**Exercise:** Any picture in the records below stays out; return everything else exactly.

▬▬▬▬▬▬▬▬▬▬

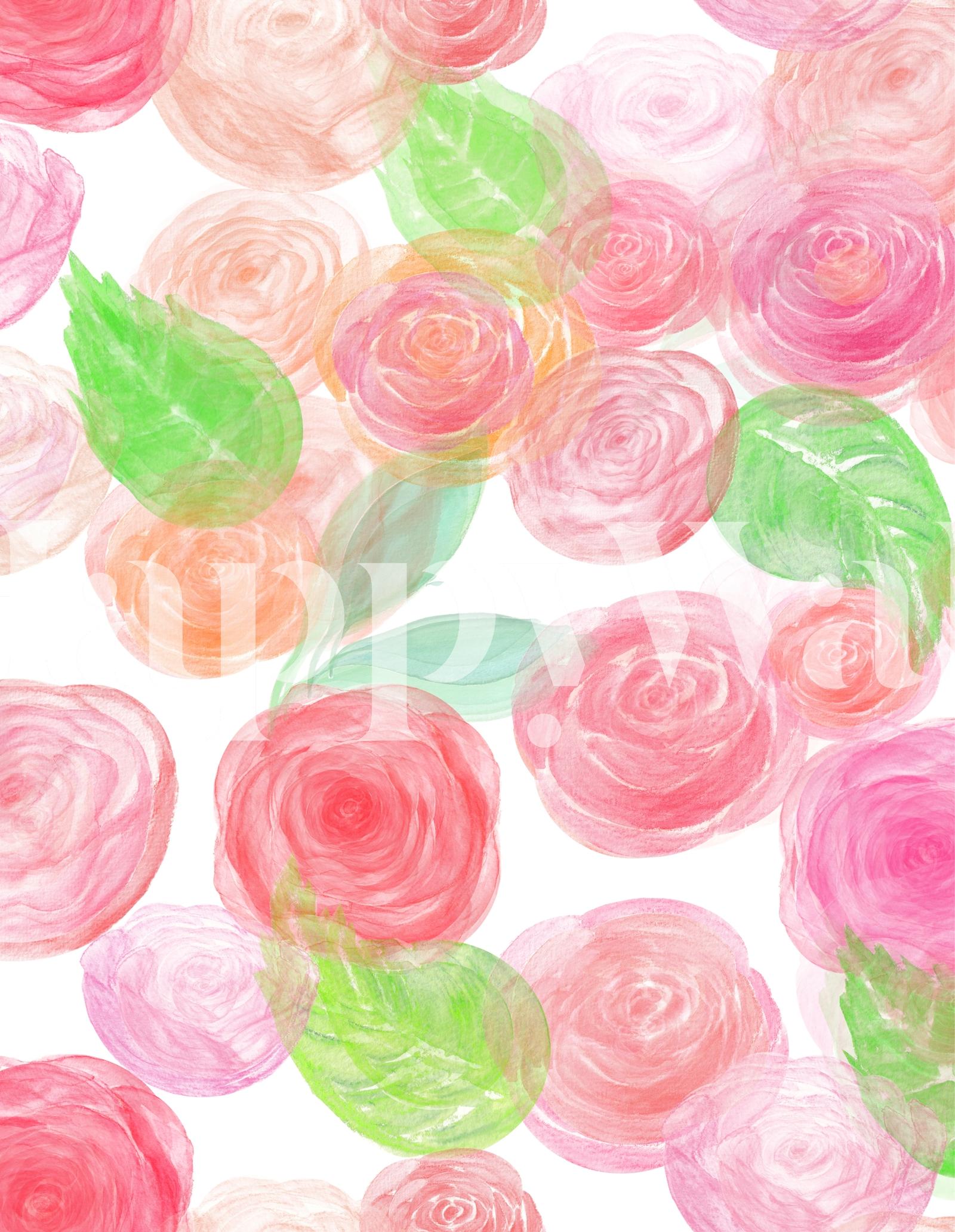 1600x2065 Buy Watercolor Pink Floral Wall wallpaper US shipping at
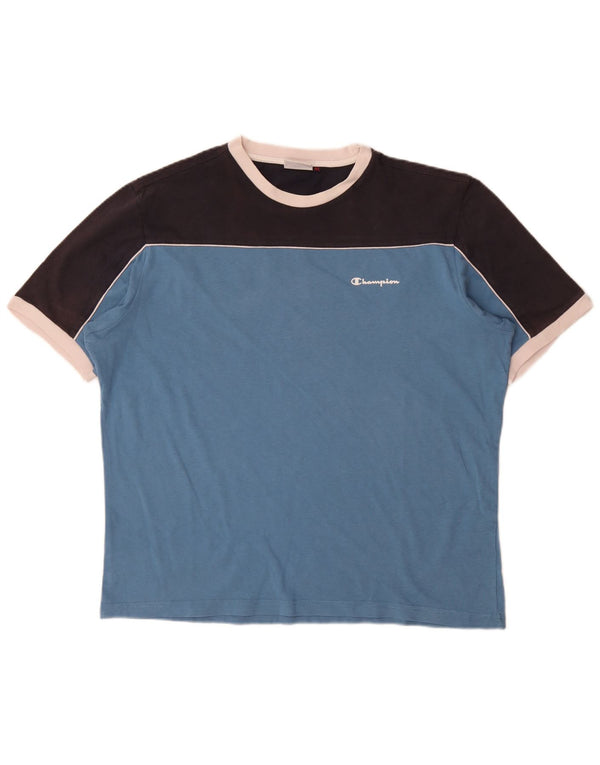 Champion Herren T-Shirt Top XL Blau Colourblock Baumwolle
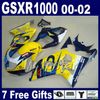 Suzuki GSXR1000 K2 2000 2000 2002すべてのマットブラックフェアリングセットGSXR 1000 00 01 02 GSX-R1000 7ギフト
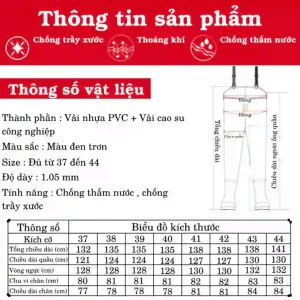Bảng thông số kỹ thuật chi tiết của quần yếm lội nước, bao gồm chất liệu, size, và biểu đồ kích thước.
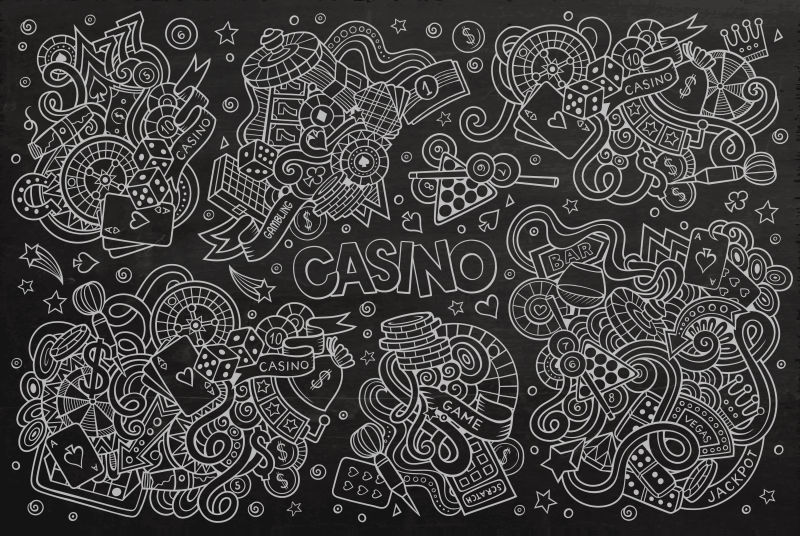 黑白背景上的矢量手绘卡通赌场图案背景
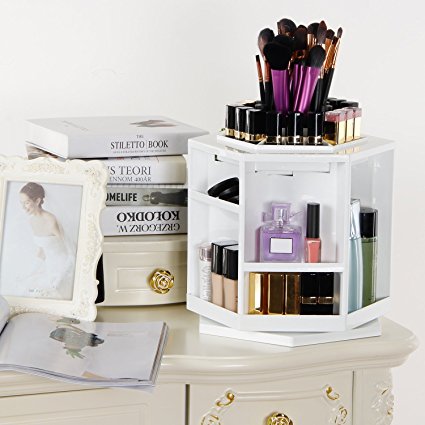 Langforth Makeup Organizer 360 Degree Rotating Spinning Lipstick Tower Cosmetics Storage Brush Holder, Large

▬▬▬▬▬▬▬▬▬▬

**Output for this exercise:**
 1600x2065 Buy Watercolor Pink Floral Wall wallpaper US shipping at
 Champion Herren T-Shirt Top XL Blau Colourblock Baumwolle
 Suzuki GSXR1000 K2 2000 2000 2002すべてのマットブラックフェアリングセットGSXR 1000 00 01 02 GSX-R1000 7ギフト
Bảng thông số kỹ thuật chi tiết của quần yếm lội nước, bao gồm chất liệu, size, và biểu đồ kích thước.
 黑白背景上的矢量手绘卡通赌场图案背景
 Langforth Makeup Organizer 360 Degree Rotating Spinning Lipstick Tower Cosmetics Storage Brush Holder, Large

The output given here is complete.